Route of administration
The drug (oral medication) is ingested via the mouth.
Absorption & distribution
The medication travels down the esophagus into the stomach, where acids break it down.
From there, the drug’s molecules are absorbed into the bloodstream that nourishes the intestinal
tract and stomach. An empty stomach will absorb the drug much faster than a full one will. Once
the drug enters the circulatory system, it passes through the liver on its way to the central
nervous system (CNS). As the drug goes through the liver, the liver metabolizes (inactivates) it,
effectively decreasing its potency (by roughly 25%) before it enters the CNS. This process is
known as the “First Pass Effect.” Selective barriers, including the blood brain barrier (BBB) and
placental barrier, limit the distribution of the drug into the CNS.

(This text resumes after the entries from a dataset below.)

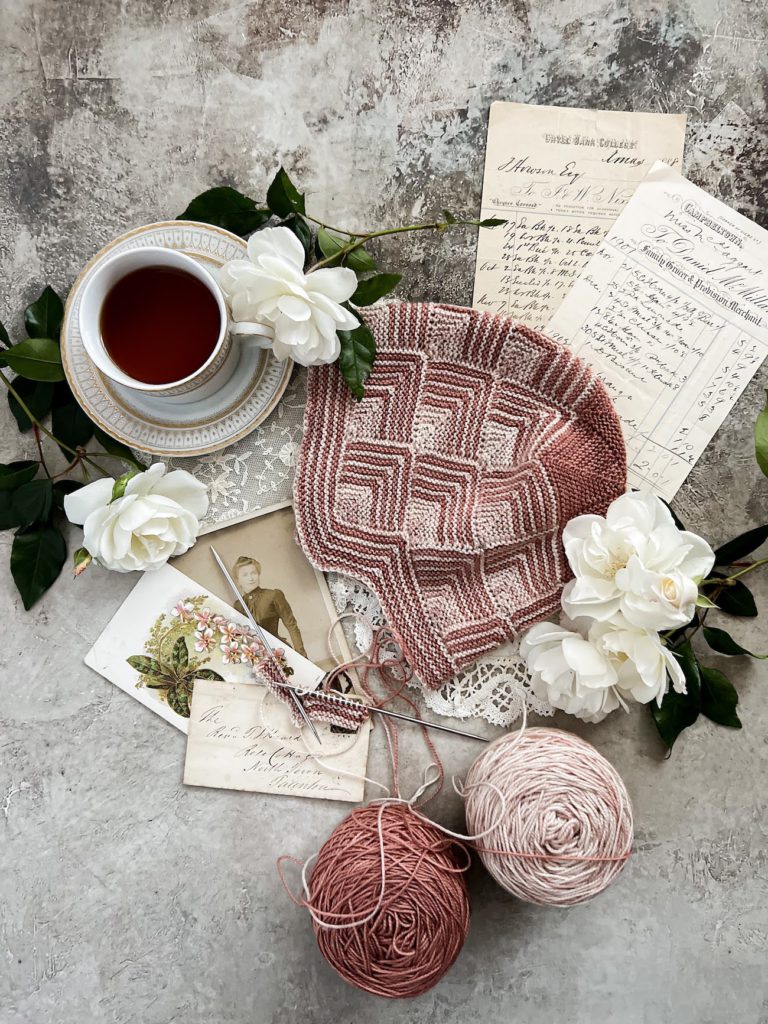 A pink and cream hat composed entirely of mitered squares is laid flat on a textured gray surface. It's surrounded by a gold and white teacup full of tea, white roses, antique paper ephemera, two cakes of leftover yarn in the same colors as the hat, and a mitered square in progress on two tiny steel needles.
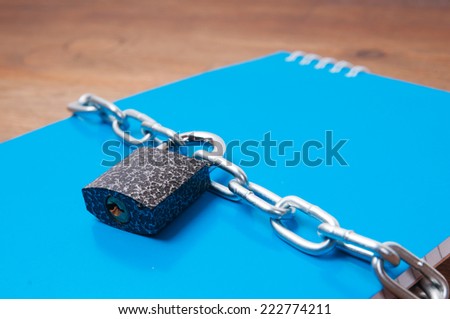 Notebook with chain and padlock, concept of protection of personal information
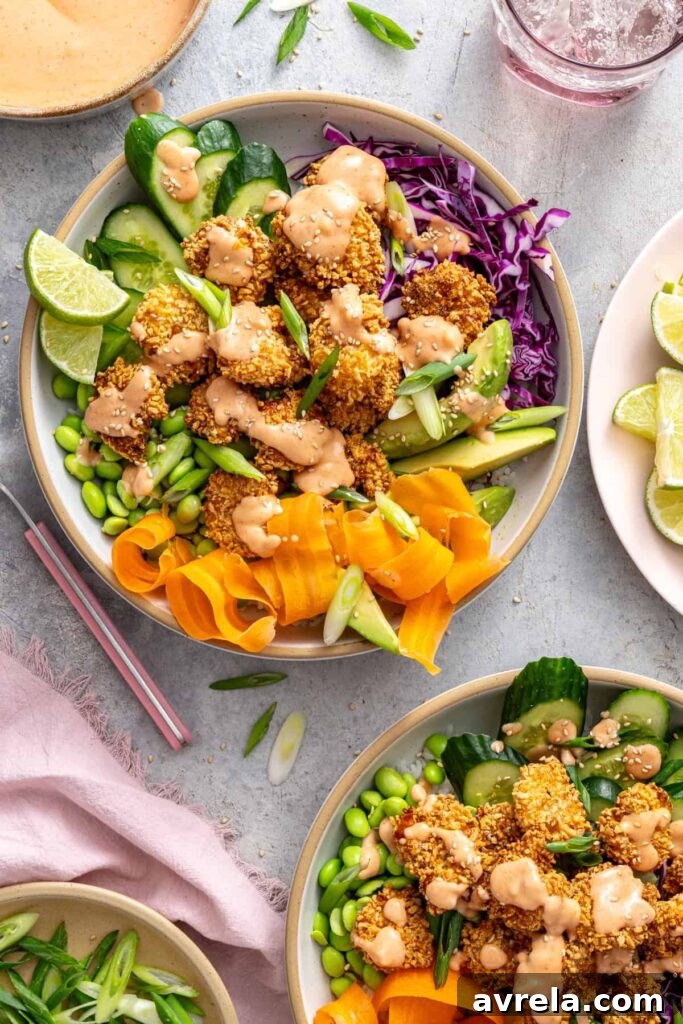 Overhead view of healthy air fryer bang bang shrimp bowls topped with creamy homemade bang bang sauce.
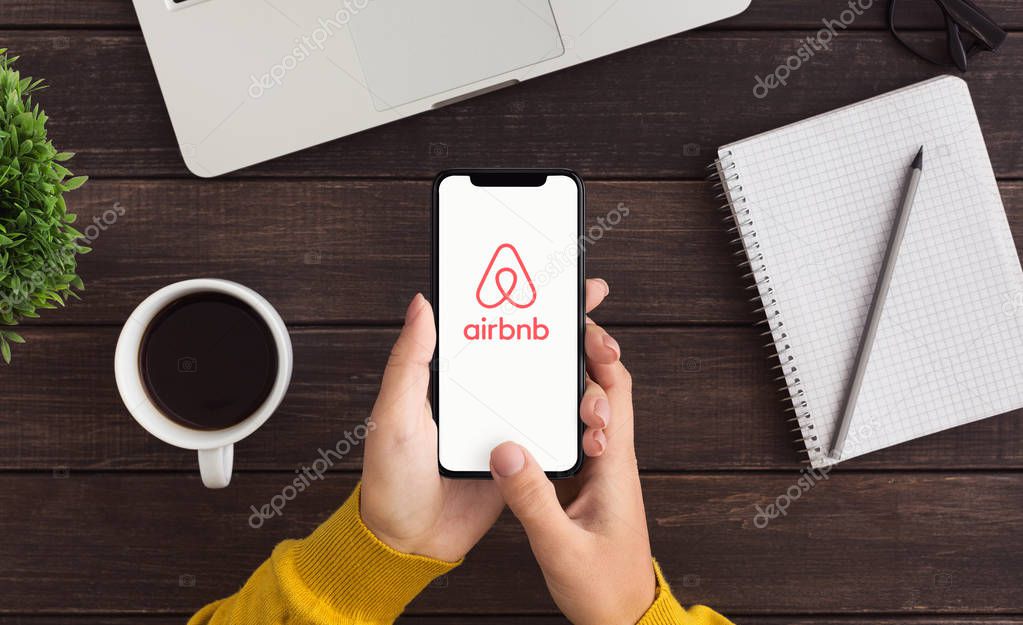 KHARKOV, UKRAINE - December 23,2018: Woman using Airbnb application on Iphone X. Airbnb is website for people to list, find, and rent lodging.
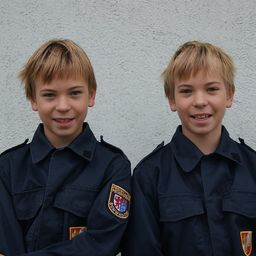 Zwei junge Jungen in dunkelblauen Uniformen mit Abzeichen auf der linken Brust lächeln und posieren für ein Foto.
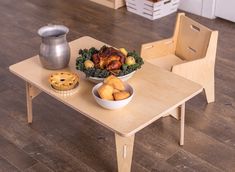 a wooden table with two bowls of food on it and a cookie next to it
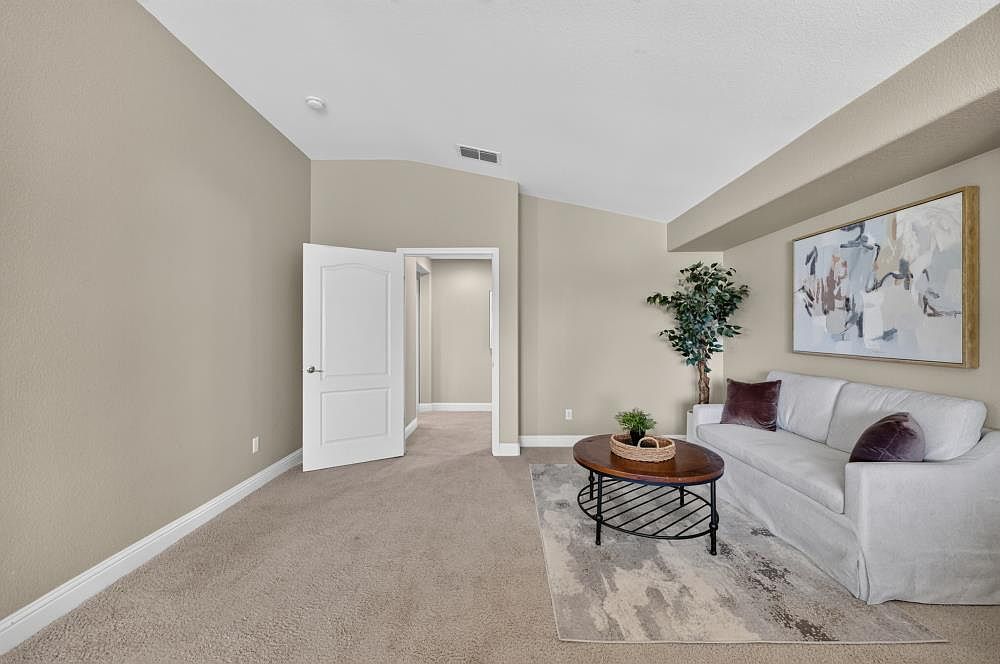 This interior view showcases a cozy living area featuring a light-colored sofa adorned with dark accent pillows and a central oval coffee table. The room is finished with neutral-toned walls, plush carpeting, and a large abstract piece of wall art that adds a contemporary touch. A doorway leads into a connecting hallway, providing a sense of flow and openness to the home's layout.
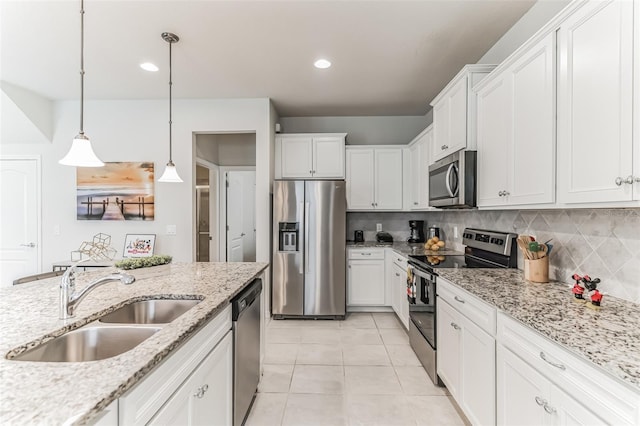 kitchen with tasteful backsplash, white cabinets, hanging light fixtures, and appliances with stainless steel finishes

The BBB protects brain tissue and neurons from dangerous molecules that could disrupt
and dysregulate brain functioning. It selectively allows molecules (drugs and nutrients) to enter
the brain while removing waste via a network of capillaries (small blood vessels). The molecules
then selectively pass through the capillaries’ intracellular clefts (small gaps) and fenestrations
(larger openings). Pinocytotic vesicles (larger capillaries) envelope and transport the molecules
across the BBB and into the brain tissue itself. If the brain detects any toxic substances in the
bloodstream, it will trigger the area postrema (AP) in order to expel the toxic substances before
they are taken into circulation by the blood vessels and protect the organism (the individual
taking the drug). The activation of the AP induces vomiting.